Gómez-Ramírez Jaime, Fernández-Blázquez Miguel A, González-Rosa Javier J
Institute of Biomedical Research Cadiz (INiBICA), Universidad de Cádiz, 11003 Cádiz, Spain.
Department of Biological and Health Psychology, Universidad Autónoma de Madrid, 28049 Madrid, Spain.
Brain Sci. 2022 Apr 29;12(5):579. doi: 10.3390/brainsci12050579.

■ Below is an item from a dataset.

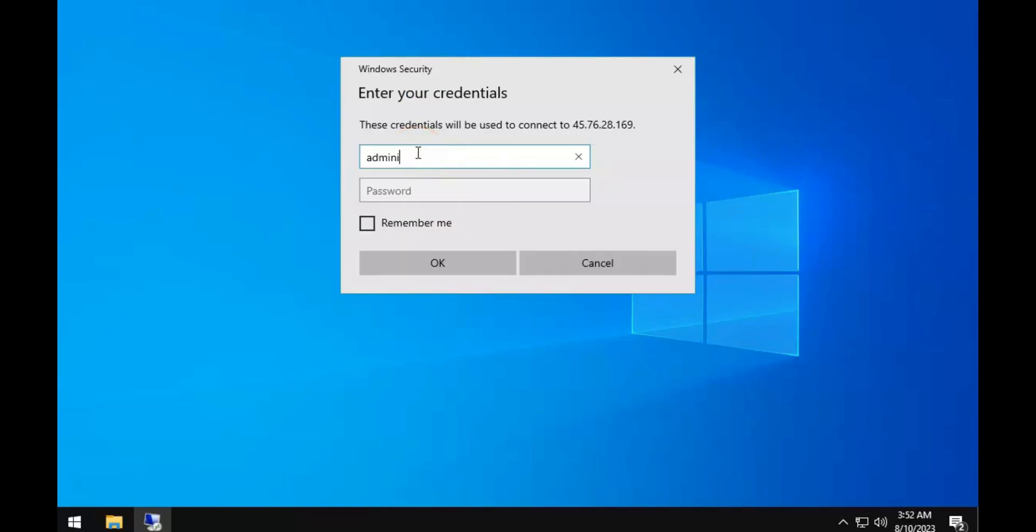Under Username, enter your username and then enter your password in the password field. The credentials were sent to you in the same email as above.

Normal aging is associated with changes in volumetric indices of brain atrophy. A quantitative understanding of age-related brain changes can shed light on successful aging. To investigate the effect of age on global and regional brain volumes and cortical thickness, 3514 magnetic resonance imaging scans were analyzed using automated brain segmentation and parcellation methods in elderly healthy individuals (69-88 years of age). The machine learning algorithm extreme gradient boosting (XGBoost) achieved a mean absolute error of 2 years in predicting the age of new subjects. Feature importance analysis showed that the brain-to-intracranial-volume ratio is the most important feature in predicting age, followed by the hippocampi volumes. The cortical thickness in temporal and parietal lobes showed a superior predictive value than frontal and occipital lobes. Insights from this approach that integrate model prediction and interpretation may help to shorten the current explanatory gap between chronological age and biological brain age.
正常衰老与脑萎缩的体积指标变化有关。对与年龄相关的脑部变化进行定量理解有助于揭示成功衰老的奥秘。为了研究年龄对全脑和区域脑容量以及皮质厚度的影响,研究人员使用自动脑分割和分区方法对3514例老年健康个体(69 - 88岁)的磁共振成像扫描进行了分析。机器学习算法极端梯度提升(XGBoost)在预测新受试者年龄时的平均绝对误差为2岁。特征重要性分析表明,脑与颅内体积比是预测年龄的最重要特征,其次是海马体体积。颞叶和顶叶的皮质厚度比额叶和枕叶具有更高的预测价值。这种整合模型预测和解释的方法所获得的见解可能有助于缩短目前实际年龄与生物脑年龄之间的解释差距。